Months later, he came across them while cleaning his room. They’d dried out and crumbled at his touch. He brushed the papery remnants to the floor for the vacuum to pick up. He set the seeds on the corner of his desk. His mom had said he could go outside just as soon as his room was cleaned.
He did a really good job. He even vacuumed the corners and dusted all the furniture. After he finished making his bed he looked around proudly. His eyes landed on the helicopter seeds, and he hurried to stuff them back in the drawer so his mom wouldn’t make him throw them out.
“Mom!” he shouted down the hallway. “I’m done!”
“Are you for real done?” she asked from the living room. “Or am I going to get all the way down there just to be disappointed?”
“For really real, I’m done. I put my stuff away and vacuumed and dusted and even made my bed,” he assured her as he appeared in the living room.
“Alright, alright,” she sighed as she shoved herself off of the old, sagging couch.
“Wow!” she’d told him. “I’m real proud of you.”
She’d tousled his hair.
“So can I go outside now?” he turned pleading eyes on her.
“Go on,” she swatted playfully at his backside.
He grabbed a stack of red solo cups from the kitchen. His muddy play shoes were near the door from the last time he’d tromped around in the backyard.
He let the screen door slam behind him as he ran into the cool evening. The ground squished beneath his feet. He ran for the old gardening shed near the back of the yard.
The door creaked and groaned as he pulled it open. It was dark and smelly inside. He hoped the shovels weren’t hard to find.
He felt around in the dark until he found the small counter space against the wall. His left hand found the handle of the trowel. He closed his fingers around it and snatched it off the counter.
Back outside, he gulped in lungsful of air and coughed a few times. He spat out the dust and grime he’d inhaled while inside the shed.

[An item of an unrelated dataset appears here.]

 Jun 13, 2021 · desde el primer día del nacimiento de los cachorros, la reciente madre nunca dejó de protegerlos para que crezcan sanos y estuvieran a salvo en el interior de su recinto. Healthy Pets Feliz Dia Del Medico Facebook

He filled two of his solo cups with water. He carried them to the garden and dumped them into a bare area. Using the shovel, he mixed up the dirt and water into moist soil. He filled all five of the cups he’d grabbed with the moistened dirt.
Grabbing two with each hand, he held them by the rims and carefully carried his cups to the house. He set them down on the cement outside the back door and opened it wide. With his butt set to catch the door, he leaned down and picked up his cups of dirt.
“Geremy,” his mother shouted.
“Yeah?” he hoped she didn’t come into the kitchen.
He set his cups down inside the door and removed his shoes.
“Don’t you be tracking mud n dirt through my house,” she warned.
“I won’t, Mama,” he promised as he grabbed his cups.
Back in his bedroom, he settled the cups onto his desk under the window. The sun wasn’t coming in right now, but the desk was always lit up in the afternoons. Finding the seeds in the drawer, he pushed one into each of his cups.
“Time to grow into big strong trees,” he told them as he smoothed the dirt back over the top.
He was dutiful in their care. He kept the soil moist and made sure that they had good sunlight. He asked his teacher questions and looked at books in the school library.
Only two of his seeds sprouted. He nurtured and loved those little sprouts until they got too big for the cups he’d planted them in. He carried them out to the backyard and found a place for each of them.
He planted one in the dirt just far enough away from the shed that he wasn’t worried the roots would bump into the small building. He found a spot for the other near the garden where he’d gotten the dirt to plant them in.
His trees grew taller while he grew older year after year. By the time he graduated from high school, the trees had grown tall enough to provide a shady place to relax in the backyard. His parents used to ponder where the trees came from. Maybe one day he’d tell them the truth about the trees he’d raised as his own.